# Available records:
┌──
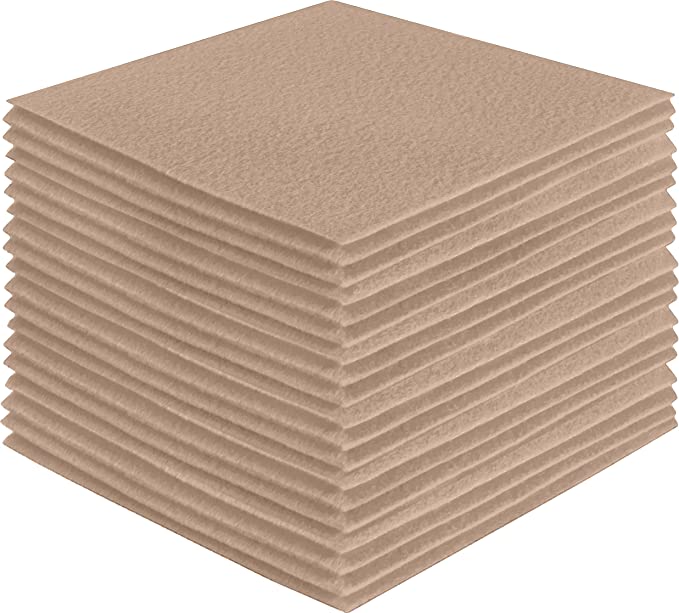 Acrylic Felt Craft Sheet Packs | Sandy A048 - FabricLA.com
└──
┌──
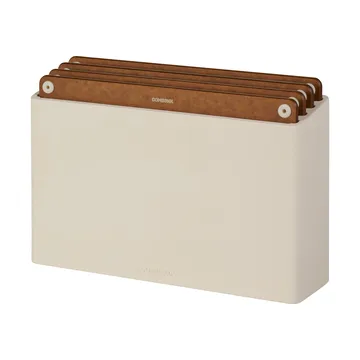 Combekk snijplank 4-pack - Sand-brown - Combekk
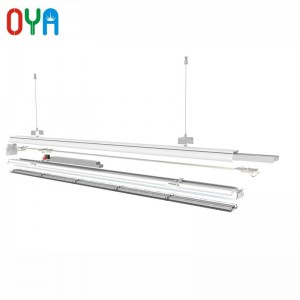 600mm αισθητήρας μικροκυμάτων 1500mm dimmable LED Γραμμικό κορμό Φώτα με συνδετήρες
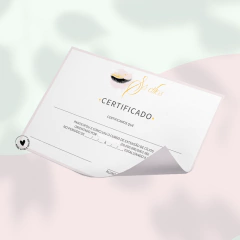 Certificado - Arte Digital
└──
┌──
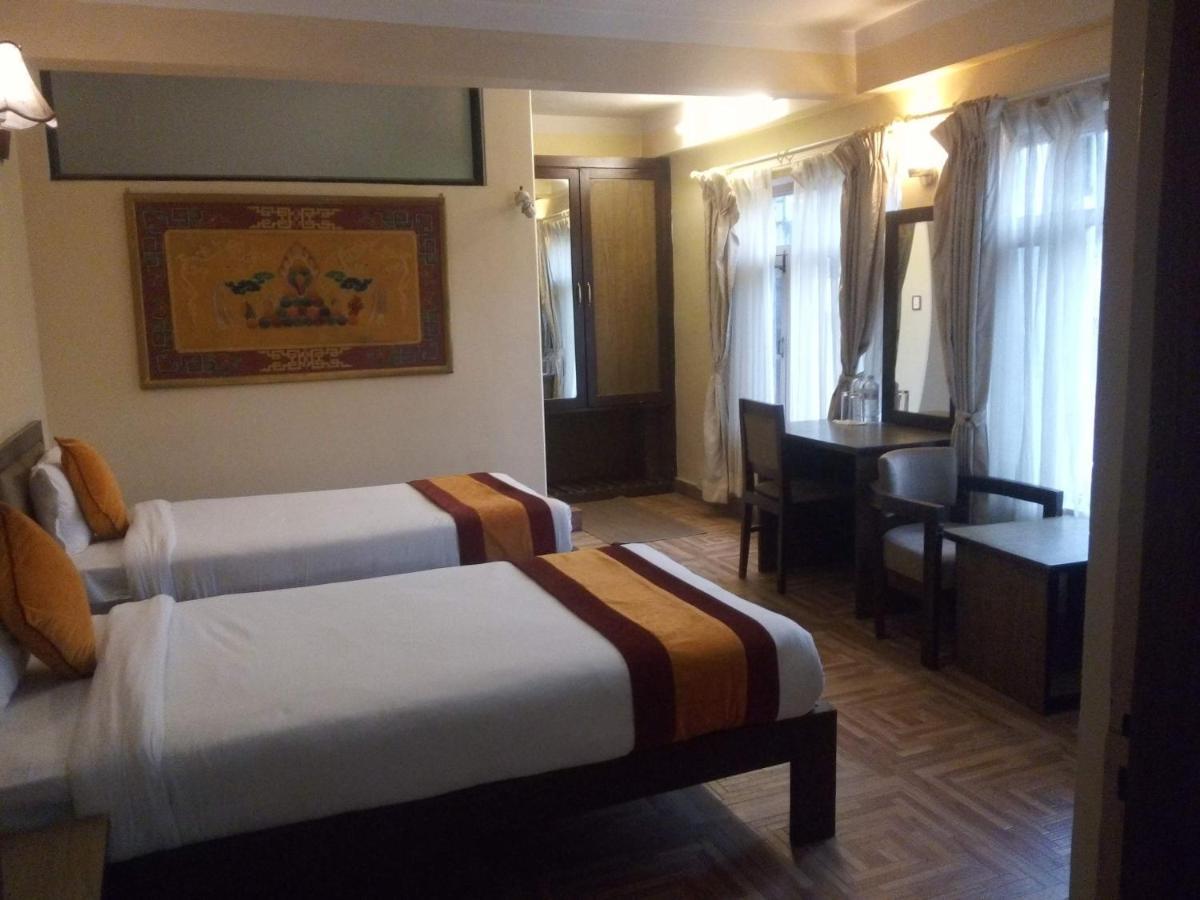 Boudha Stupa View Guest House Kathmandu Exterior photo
└──
# Work to be completed:
Reproduce the listing above only between the lines holding "600mm αισθητήρας μικροκυμάτων" and "Certificado - Arte Digital", inclusive. Every line must match exactly, and pictures are dropped.

# Output for this task:
 600mm αισθητήρας μικροκυμάτων 1500mm dimmable LED Γραμμικό κορμό Φώτα με συνδετήρες
 Certificado - Arte Digital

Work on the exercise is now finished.